- Founded: January 2010
- Dissolved: 12 September 2010
- Merged into: Veneto State
- Ideology: Venetism Separatism

= Party of Venetians (2010) =

The Party of Venetians (Partito dei Veneti, PdV) was a Venetist-separatist coalition of parties active in Veneto.

The alliance, which was formed in January 2010, after the disbandment of Veneto Freedom, was composed of five groups, which continued to be active as factions of Veneto State, since when the PdV was merged into that party:
- a group of splinters from Liga Veneta Repubblica (LVR, centrist)
- Venetians Movement (MV, no ideological affiliation)
- Venetian People's Unity (UPV, communist/socialist)
- Venetian State (SV, no ideological affiliation)
- Bellunese Autonomist Party (PAB, centrist)
- Venetian Independence (IV, liberal)
- Free Veneto (VL, centrist)

==History==

===Veneto Freedom===

Talks between several Venetist parties over the formation of a united party as a reliable competitor of Liga Veneta–Lega Nord started in February 2008 during a meeting in Pastrengo, Verona and Veneto Freedom was eventually launched in November 2009.

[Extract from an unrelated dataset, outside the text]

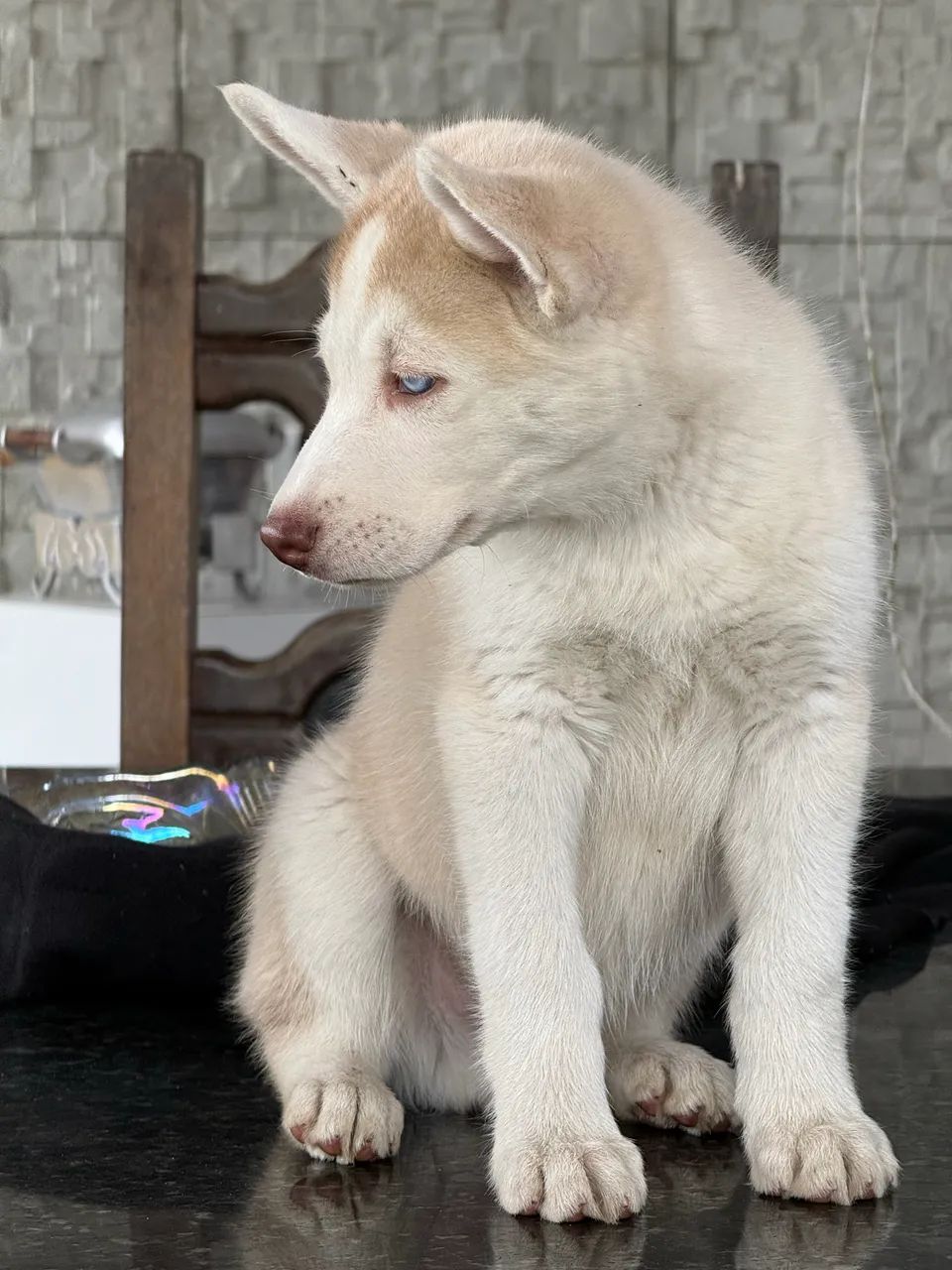 Husky Siberiano Canil Barão  - Foto 5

However, as soon as in January 2010, the coalition broke up over frictions between the moderate wing led by Fabrizio Comencini and Carlo Covi, respectively leaders of LVR and Venetian Agreement, and the independentist wing led by Patrik Riondato, leader of Venetians Movement. The former wanted to endorse Antonio De Poli of the Union of the Centre for President in the 2010 regional election, a notion vehemently opposed by the independentists, and this ultimately led to the premature death of the coalition.

===2010 regional election===

Subsequently to the break-up of Veneto Freedom, its independentist core broke away from the moderate wing represented by Comencini to form the PdV. Silvano Polo, a long-time ally of Comencini within LVR, left that party too in order to be the candidate of the PdV in the next regional election. Polo, who has been Mayor of San Bonifacio for two terms (1994–1998 for Liga Veneta–Lega Nord and 2004–2009 for LVR, after having left Liga Veneta in 1998), soon expoused a more independentist line than that of Veneto Freedom and called for an alliance with other Venetist parties, notably the Venetian National Party (PNV), North-East Project (PNE), North-East Union (UNE) and, hopefully, the totality of LVR.

The PNV, which had been a harsh critic of Veneto Freedom before, responded positively but set some stringent conditions, notably: that the joint-list will have the denomination "Venetian National Party", that the candidate must come from PNV ranks due to the primary election ran by the PNV, that the coalition will campaign for an independence referendum and will expouse a coherent independentist position.

On election day Polo won only 0.5% of the vote, while the PdV stopped at 0.4%.

===Merger with the PNV===
On 12 September 2010 the PdV was merged with the PNV to form Veneto State, a united Venetist-separatist party. Giustino Cherubin, a leading member of the Venetians Movement and the PdV, was elected president of the new party, along with PNV's Lodovico Pizzati who was elected secretary.